How do I know this? Because not only have I experienced the process of bad dates to show me what I want and need, but my clients have too. All these things are purposeful in dating. Why? Whereas dating is trial and error, guess who’s actually getting educated? You!
Remember when you were just starting to date? You were likely a teenager. At this age you don’t know what you want. Then you start getting involved with a person and you date for a while; maybe it evolves into a long term relationship. You start to rack up data on what you don’t want. Knowing what you don’t want—when you’ve applied thinking to it—along with your core needs and values will lead you to what you want. This is why the values exercise built into my coaching program is so far-reaching.
When you have a clear vision of what you do want—you’re just a step away from your perfect match.
When I ask others what was different when they found their true match, they say, “It was so easy. It was effortless. I can’t believe all the years I spent trying to put a square peg in a round hole; all the tears, drama and confusion I went through.”
Why would dating involve all of that? It’s suppose to be fun, after all. Because you’ll never know easy until you know hard. You’ll never get to clarity until you know what you don’t want.
I have a slightly different twist on the saying, “Love happens when you’re not looking.” Love happens when you’ve taken in all the data from your experiences and stored it in your memory bank. It then generates a prototype for the man who will now be your most aligned partner. In that awareness, you start doing something amazing—you start passing on partners. You go on a date and say, “No, that doesn’t work. Seen that—done that.”
Pass.
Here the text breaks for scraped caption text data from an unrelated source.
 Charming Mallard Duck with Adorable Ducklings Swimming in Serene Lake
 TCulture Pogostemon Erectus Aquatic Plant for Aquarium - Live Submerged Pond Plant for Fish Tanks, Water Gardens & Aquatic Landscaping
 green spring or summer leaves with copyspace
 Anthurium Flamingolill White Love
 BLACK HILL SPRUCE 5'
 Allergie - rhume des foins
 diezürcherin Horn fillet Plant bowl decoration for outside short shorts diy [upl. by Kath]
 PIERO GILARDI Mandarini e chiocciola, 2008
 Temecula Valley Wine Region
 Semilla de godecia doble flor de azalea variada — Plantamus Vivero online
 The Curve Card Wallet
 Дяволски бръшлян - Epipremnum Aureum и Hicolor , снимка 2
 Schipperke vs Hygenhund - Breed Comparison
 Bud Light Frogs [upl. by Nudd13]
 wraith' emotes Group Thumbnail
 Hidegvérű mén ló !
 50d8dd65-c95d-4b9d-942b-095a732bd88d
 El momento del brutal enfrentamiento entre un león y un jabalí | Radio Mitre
Pass. Pass. Um—no—pass.
You start closing doors. Why? Because you’re clear. You know what you want and need. Then in this incredible moment where most give up, they don’t give up wanting what they want, they just start living their life. They say, “I still want love. I’m going to put it over here, though. I’m going to see my friends. I’m going to take up that hobby. I’ve always wanted to learn Spanish. I’ve always wanted to go on a safari in Africa.” They live their lives. In that relaxed state, where all the factors are collected in that data, they turn around one day and meet someone. Voila!
Relaxed, complete with information and having passed on the repeats they’ve seen and things they know don’t work for them. If you ever get frustrated, remember all of the dates you’ve gone through are purposeful. The reason for having some bad dates is indeed to show you what you want and need. No one can know what they don’t know until they walked through the physical experiences. This is how you come to your final destination. The person who is suppose to be your most aligned partner.